Sometimes being in the right place at the right time helps but your good fortune won’t save you if you’re lazy and have poor communication skills.  If you are given an interview consider yourself lucky and communicate to the interviewer your availability and if you’re still unsure what that is, just remember that you want the job and they need someone who wants to work.  So you’re available to work evenings and weekends and “when I’m trained in” you’ll say “I’ll gladly take after-hours on-call duties”.

The more you understand their needs and ask questions that pertain to what the interviewer and business owner are looking for rather than self-serving matters like: “How long is lunch?”, “What benefits are offered?” and “How many sick days do I get?” the better your chances are of getting the position.
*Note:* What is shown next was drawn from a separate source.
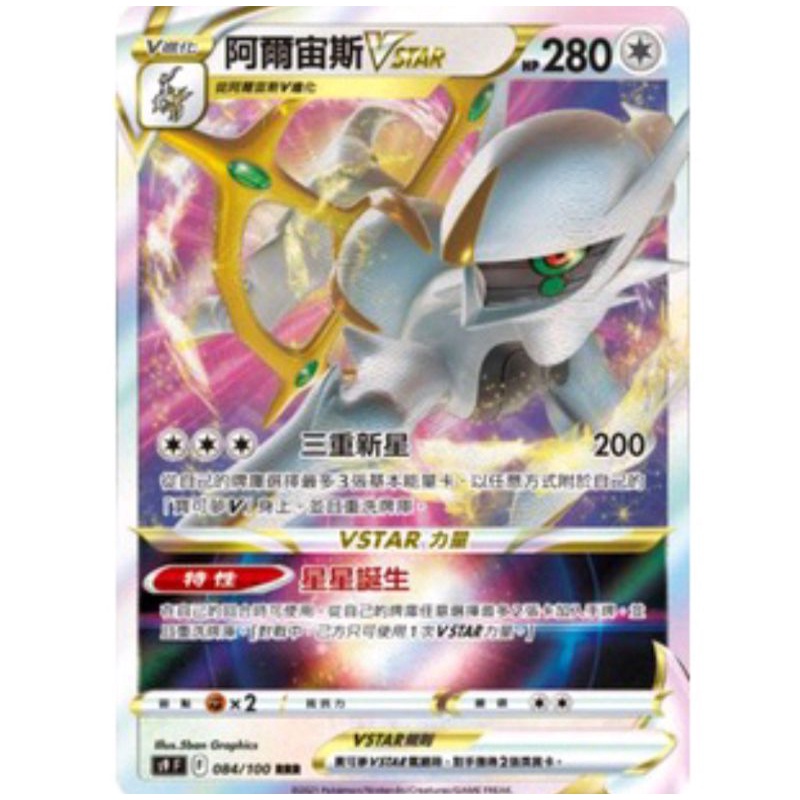 寶可夢 PTCG 中文版 閃卡 阿爾宙斯V PR+阿爾宙斯Vstar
Your first few weeks are crucial when starting out so you’ll want to pick up all you can. Giving 100% and being available whenever needed is only fair since you’re essentially using them, taking their job for the express purpose of starting a business of your own.  Learn the rules and why they’re in place.

Do they require you to live within a certain radius of the business?  Why?  Are you required to work evenings and weekends?  Why?  All this information is important and should be viewed through the eyes of a future business owner, not as an oppressed employee.

Within a short period, you should be able to gather enough information and skill to properly perform every light-duty call from jump starts, tire changes and unlocks with no problem.  You should be able to easily tow cars and trucks with either a wrecker or a rollback.  You may have the chance to respond to a few accidents but most likely you won’t be on your own unless dispatch has no one else to send.

The good news is if you’re a go-getter, you’ll catch on fast.  The bad news is you’ll never learn it all.  There are so many variables in the towing business that even a 40-year veteran comes upon something new on occasion.  Something rarely seen they’ve forgotten how to deal with or a manufacturer upgrade that renders an old trick useless.

So if you’re serious and stick with it you should be ready to go out on your own in about a year.  If you live in an area where the winters are fierce or they traffic count high and you’re able to get more experience sooner you may be ready to do your own thing a little quicker.  That is if you don’t decide to chuck the whole idea after you get too big a taste.

Just remember that just because you start your own business the learning doesn’t stop.  You will continue to learn until the day you die.  And although it’s not a federal requirement that you become certified as a Tow Truck operator it’s still a good idea that you do, besides some cities, states and municipalities require some form of certification to participate in their towing contracts.

The only nationally recognized certification course for tow truck operators at this writing is the Towing & and Recovery Association of America’s (TRAA) driver certification program. It’s recommended by the Federal Motor Carrier Safety Administration (FMCSA).

Even with all the training and experience in the world, there may be something you come across that doesn’t look doable.  Don’t be afraid to tell someone no.  That is if you don’t feel comfortable performing a recovery that you either don’t have the right equipment or training refer them to someone else rather than take a huge risk that could possibly kill someone.

But don’t let the fear of the unknown stop you from making the leap from employee to self-employed. It’s done all the time by people who are no smarter than you who put their pants on one leg at a time, just like you. They had to start somewhere and so do you.